Odeio o adeus. Gostamos de acreditar que algum dia vamos
voltar a ver pessoas que foram tão importantes para nós, mas no fundo sabemos
que não é verdade. Criamos laços e depois cortamo-los e viramos as costas. Mas
a sensação de missão cumprida é maravilhosa. Podia sempre ter feito melhor, mas
sei que me esforcei, que fui honesto e trabalhador, e que fiz parte de uma equipa
que salvou muita gente, mas que acima de tudo deixa um “statement” ao mundo e
aos Sírios: Nós preocupamo-nos, nós acreditamos que somos todos humanos, nós
vamos de encontro ao que parece ser a solução para os grandes problemas dos
nossos dias... A aproximação entre as pessoas. Enviar amor em vez de bombas.

Ponho a mochila às costas e dou um abraço sorridente ao
condutor que eu adorava... Não os queria deixar, mas tinha vontade de voltar a
casa e viver em paz... Abraço o F com força e troco umas palavras de
cortesia... Depois de dar os primeiros passos no sentido da fronteira do fim da
guerra, ouço o F a chamar-me: “Gustavo, don´t Forget about us!” e eu virei-me
para eles e vejo os seus sorrisos de desespero e respondo a bater no peito com
a mão direita: “ Never my friend, NEVER!” E rapidamente virei as costas para
que não vissem que me desfazia em lágrimas...
É como sair de uma prisão e ouvir a porta a bater por detrás
de nós... É fácil entrar quando sabemos que podemos sair... Mas para quem está
lá dentro e não tem escape a vida é muito dolorosa...
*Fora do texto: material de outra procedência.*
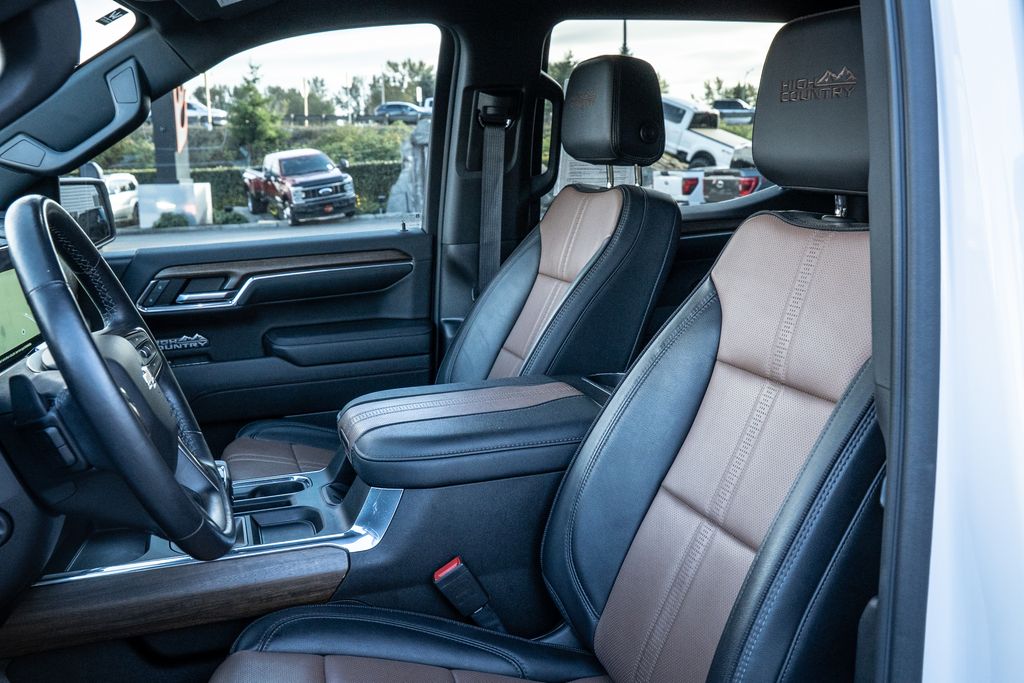2023 Chevrolet Silverado 1500 High Country - Photo 12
Na fila para sair do inferno as pessoas estão de cara
fechada, a sua expressão carrega a dor de anos de guerra e perdas
inenarráveis... Tanto perdem que optam por perder o que mais amam, a sua terra,
a sua gente, o seu país... Sou o único não-Sírio que testemunha aquele momento
trágico de abandono, rodeado de gente que carrega consigo uma história de
desespero escrita a sangue...

Carimbo o passaporte ao entrar na Turquia e viram-se os
mundos, mas até hoje há um pedaço de mim que ficou naquele país e ecoam-me as
palavras que disse ao meu amigo e tradutor F...
“Nunca vos esquecerei!”
Todos estes textos mereciam ficar em "registo escrito: um livro". São histórias de vida, entre a guerra e a paz(pelo menos a paz interior), memórias de um povo que sofre anónimo(porque não se fala dele, sobretudo os sofrimentos da gente do Congo porque da Siria ainda se vai falando remotamente). Estes textos não são apenas "histórias de uma alma sensível" mas retratam bocados da História Mundial que "passa ao lado" dos mídia. E quando nos apresentam a verdade nunca a saberemos se não contada por quem esteve lá, no meio dos gemidos de gente valente, que se fez um deles por uma vida e de quem eles, os desprotegidos e massacrados, nunca se esquecerão. Fazer parte da História de um povo sofredor não é para qualquer um. Aqui nas redes sociais, apaga-se tudo com um clique. A memória só se faz em registo escrito para os leitores de todo o Mundo. Acho que valia a pena! Além de retratar muito bem os factos, fá-lo com o coração. Será sempre um Livro onde o protagonista é ao mesmo tempo actor e personagem que vê por fora e por dentro da guerra. É tão emotiva a forma como fala dos seus doentes, daqueles que ajudou a salvar e dos recursos "à mão", das técnicas de intervenção ora eruditas ora rudimentares, e tão amorosa a forma como os descreve, que nos faz amá-los mesmo de longe. É um veiculo de esperança e como diz:"O Mundo precisa de saber". Força, Dr. Gustavo! Bem-haja!